Multimodal Latent Language Modeling with Next-Token Diffusion
Mike's Deep Learning Daily Paper: 26.04.25
Today is Saturday, and today’s review will be lighter and fairly short. The focus is on multimodal generative models capable of "understanding" and generating data from multiple modalities — meaning text, images, audio, and similar types. The paper essentially connects latent generative models for textual data with those for more continuous data (even though that data, too, is discretized). The authors achieve this by training generative diffusion models for different types of data in the latent space. In other words, the model is trained to generate latent representations both for textual data and for other types of data, like images and audio.
Unlike many other works, the authors do not only train the multimodal generative model itself but also train an embedding model responsible for producing latent representations for each modality.

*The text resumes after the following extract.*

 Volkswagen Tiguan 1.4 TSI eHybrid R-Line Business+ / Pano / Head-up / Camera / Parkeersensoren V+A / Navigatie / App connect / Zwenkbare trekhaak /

Typically, in diffusion models, the embedding model is based on a VAE (Variational Autoencoder). However, the authors propose a slight but important modification to the standard VAE: instead of having the encoder generate both a mean vector and a variance vector for the latent representation, it generates only the mean vector. The variances are then sampled from a fixed Gaussian distribution with a predefined variance (a hyperparameter). According to the authors, this change prevents the collapse (i.e., zeroing out) of the variance vector generated by the encoder, a problem that would otherwise harm the diversity of the generated images.
The training process extends beyond just text. The authors also train a VAE for non-textual data such as images and audio. These are divided into tokens — image patches for images and time segments for audio — and fed to the model as sequential data. It’s important to note that the model treats data from every modality as sequential data. For text and audio, this is very natural since they have a clear inherent order. For images, although there is no strict natural sequence, one can still impose different orders (for example, left-to-right and top-to-bottom, or even right-to-left and bottom-to-top). This flexibility in sequencing image patches is an interesting design decision.
The diffusion model for non-textual data is trained to denoise a noisy latent representation given its context (all models in the paper are, of course, autoregressive). After the denoising step, the clean latent vector is fed into the VAE decoder in order to reconstruct the original data, with the overall training objective being to reconstruct the data as accurately as possible. For textual data, the noise is applied directly to the token embeddings, and a diffusion model is trained to recover them. Moreover, for textual data, a separate linear layer is trained to map the latent vector back into the token space (essentially, producing a softmax distribution over the vocabulary). It’s worth noting that the diffusion models are trained jointly with the VAE components — both encoder and decoder — which creates a tightly coupled and efficient training procedure.
Finally, to clearly separate textual from non-textual data during generation, the authors introduce special tokens that act as separators between different modalities. This allows the model to better understand the modality it is working with at each point during generation.